3 Theoretical framework towards resistance to algebraic attacks

A construction method based on the concatenation of functions from smaller variable space has been frequently used as an efficient tool in the design of cryptographically strong Boolean functions. Nevertheless, the known methods have failed so far in providing good functions resistant to both fast and classical algebraic cryptanalysis. These classes of functions are also attractive in terms of an efficient hardware implementation.

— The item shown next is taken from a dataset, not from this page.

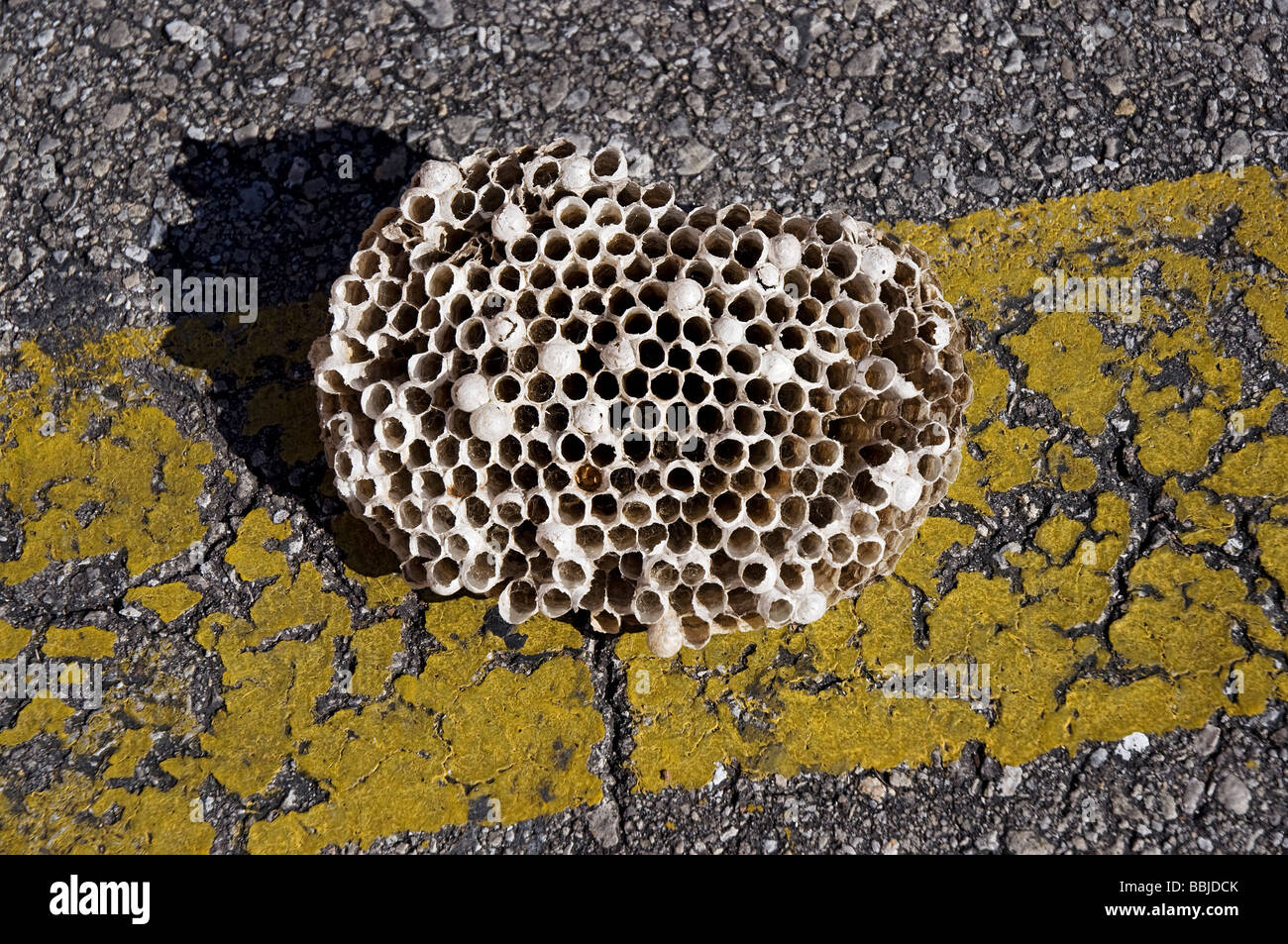 large wasp nest found in street along yellow stripe North Florida Stock Photo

In this section we study the algebraic properties of an iterative concatenation method involving four subfunctions. In addition, a general relation that interlinks the optimum resistance to fast and classical algebraic cryptanalysis is derived.

3.1 Some properties of functions with maximum \(\mathcal{AI}\)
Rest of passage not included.